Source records
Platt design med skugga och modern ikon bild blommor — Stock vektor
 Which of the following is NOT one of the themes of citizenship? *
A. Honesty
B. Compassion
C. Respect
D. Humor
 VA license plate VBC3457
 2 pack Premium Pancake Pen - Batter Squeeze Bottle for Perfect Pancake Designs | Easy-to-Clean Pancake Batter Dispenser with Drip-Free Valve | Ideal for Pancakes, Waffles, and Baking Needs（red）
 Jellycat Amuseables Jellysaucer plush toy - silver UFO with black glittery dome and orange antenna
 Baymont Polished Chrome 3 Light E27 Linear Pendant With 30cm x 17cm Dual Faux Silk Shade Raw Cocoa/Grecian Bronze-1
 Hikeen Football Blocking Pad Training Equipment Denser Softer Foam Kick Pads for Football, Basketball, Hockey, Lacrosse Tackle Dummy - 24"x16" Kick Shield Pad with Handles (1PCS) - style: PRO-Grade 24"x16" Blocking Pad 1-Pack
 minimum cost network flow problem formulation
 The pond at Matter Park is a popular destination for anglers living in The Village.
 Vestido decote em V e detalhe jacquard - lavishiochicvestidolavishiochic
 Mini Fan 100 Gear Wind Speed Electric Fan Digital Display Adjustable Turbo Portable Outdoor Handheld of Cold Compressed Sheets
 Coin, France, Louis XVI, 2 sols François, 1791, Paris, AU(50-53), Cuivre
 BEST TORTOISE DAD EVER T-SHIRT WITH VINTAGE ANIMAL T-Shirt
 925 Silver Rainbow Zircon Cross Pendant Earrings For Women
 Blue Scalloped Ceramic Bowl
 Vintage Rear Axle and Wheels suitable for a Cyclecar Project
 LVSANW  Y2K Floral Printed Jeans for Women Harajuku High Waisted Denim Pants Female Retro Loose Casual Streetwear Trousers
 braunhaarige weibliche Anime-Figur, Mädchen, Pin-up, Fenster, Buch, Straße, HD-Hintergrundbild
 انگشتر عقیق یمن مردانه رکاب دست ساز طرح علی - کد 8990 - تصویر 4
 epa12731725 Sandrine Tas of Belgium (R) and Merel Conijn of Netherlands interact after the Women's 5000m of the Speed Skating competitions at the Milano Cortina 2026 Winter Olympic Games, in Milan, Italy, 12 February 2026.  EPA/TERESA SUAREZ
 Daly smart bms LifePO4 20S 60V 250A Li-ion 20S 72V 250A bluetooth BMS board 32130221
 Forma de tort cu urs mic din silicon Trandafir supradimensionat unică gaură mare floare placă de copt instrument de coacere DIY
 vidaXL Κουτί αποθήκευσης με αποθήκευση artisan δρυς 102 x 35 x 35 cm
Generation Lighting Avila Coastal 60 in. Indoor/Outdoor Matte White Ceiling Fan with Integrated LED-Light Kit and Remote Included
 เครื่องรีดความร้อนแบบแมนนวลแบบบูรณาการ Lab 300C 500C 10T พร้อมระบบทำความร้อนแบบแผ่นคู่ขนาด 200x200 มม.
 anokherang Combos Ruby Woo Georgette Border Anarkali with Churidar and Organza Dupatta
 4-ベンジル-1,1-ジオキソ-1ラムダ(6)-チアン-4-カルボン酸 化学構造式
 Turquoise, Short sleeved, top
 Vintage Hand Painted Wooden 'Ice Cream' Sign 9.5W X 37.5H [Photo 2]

**What needs to be done**
The answer is the run of lines above from the line containing "Vintage Rear Axle" through the line containing "Forma de tort", copied exactly and alone.

**Solution**
 Vintage Rear Axle and Wheels suitable for a Cyclecar Project
 LVSANW  Y2K Floral Printed Jeans for Women Harajuku High Waisted Denim Pants Female Retro Loose Casual Streetwear Trousers
 braunhaarige weibliche Anime-Figur, Mädchen, Pin-up, Fenster, Buch, Straße, HD-Hintergrundbild
 انگشتر عقیق یمن مردانه رکاب دست ساز طرح علی - کد 8990 - تصویر 4
 epa12731725 Sandrine Tas of Belgium (R) and Merel Conijn of Netherlands interact after the Women's 5000m of the Speed Skating competitions at the Milano Cortina 2026 Winter Olympic Games, in Milan, Italy, 12 February 2026.  EPA/TERESA SUAREZ
 Daly smart bms LifePO4 20S 60V 250A Li-ion 20S 72V 250A bluetooth BMS board 32130221
 Forma de tort cu urs mic din silicon Trandafir supradimensionat unică gaură mare floare placă de copt instrument de coacere DIY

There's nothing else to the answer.